Music for Pieces of Wood – Steve Reich (b.1936) is one of America’s leading composers. He was trained as a drummer and quickly became interested in the music of Asia and Africa. He has also developed extensive interested in the traditions of Jewish music. During the late 1960s, Reich experimented with combining composition and performance, integrating the traditions of notation and improvisation. Perhaps his most famous work is a piece called Drumming, first performed in 1971, which incorporates aspects of ritual into performance. Reich’s music has consistently focused on issues of rhythmic variation and repetition. Within a minimalist texture he has achieved a subtlety of timbre and listening that projects an intensity of color, mood, and contemplation we might associate with the luminosity of certain minimalist painters and sculptors, including Agnes Martin and Sol LeWitt. Reich is one of America’s genuine innovators and perhaps the greatest exponent of musical minimalism. But his minimalism, ironically, is truly one of surface.
Depth and variation are apparent beneath the externals of his work. Music for Pieces of Wood was written in 1973 and is designed for five players. It is written for claves, which are percussion instruments with particular pitches. There are two types used in this piece, the so-called standard and the “African” claves. The clave, which comes from Cuba (the word in Spanish means “key”), is made of two pieces of hardwood that the player beats.
Audiences may be most familiar with the instrument in its use in the rhumba and other Latin American dances. They have been used in orchestral works of Varèse, Copland and Berio. The claves in this piece are designed to create a particular pitch differentiation. The composer specifies the physical arrangement of the players. While the notation is precise, the composer asks the players to repeat each bar “approximately” the number of times indicated, perhaps giving the performers a chance to vary not only the character but the duration of each performance.

Edifice was commissioned by Washington State University for the dedication of the new addition to French Administration known as the Lighty Building and received it’s world premier on October 19, 1996. It was originally written for trumpet and electronic percussion using the Roland Octopad Trigger System controlling a Roland MT-32 Sound Module. The 2007 version is a re-orchestration of the synthesizer sounds for traditional percussion instruments.
Edifice, which means “structure” attempts to create three contrasting musical scenarios. The first of the three movements, entitled Rising Pillars, captures the building’s physical structure made up of high ceilings and tall support columns. The second, Nocturne represents the mood of the building in the dead of night when all is quiet. The final movement is entitled The Work Day and is intended to humorously capture the daily “hustle and bustle” of day-to-day employment. The re-orchestrated version received it’s premier on February 9, 2007 at the WSU Festival of Contemporary Art Music in Pullman, WA. It was performed by the Washington State University Percussion Ensemble under the direction of the composer with David Turnbull as trumpet soloist.

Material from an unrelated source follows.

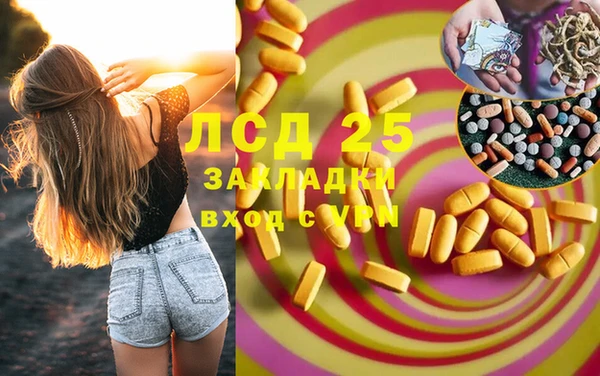 крисы Богданович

Contrasts is in an ABA format with the outer sections focusing on the long and sustained sounds of the ensemble in a slow tempo.  The middle section, in a fast tempo, utilizes short, staccato sounds in a linear and pointillistic style and exploits contrasts in timbre, dynamics and pitched vs. non-pitched instruments.  The work was commissioned by the University of Arkansas percussion ensemble under the direction of Chalon Ragsdale.

 

This concert is open to the public and without charge.